= Data =

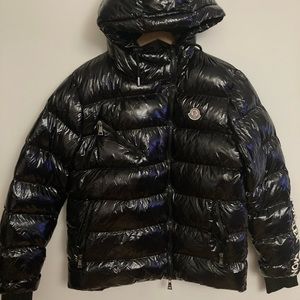 Used Moncler men’s small black asymmetrical zipper on left side shiny ja…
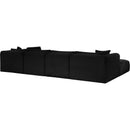 Meridian Shaggy Black Corduroy Performance Fabric Modular Sectional IMAGE 7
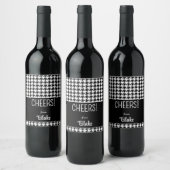 Aangepaste tekst, PROOST Zwart & Wit Houndstooth ( Wijn Etiket (Flessen)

= Work instructions =
At the line containing "Meridian Shaggy Black", start reproducing exactly, and stop after the last line of the listing; include both ends, and leave the pictures out.

= Written response =
 Meridian Shaggy Black Corduroy Performance Fabric Modular Sectional IMAGE 7
 Aangepaste tekst, PROOST Zwart & Wit Houndstooth ( Wijn Etiket (Flessen)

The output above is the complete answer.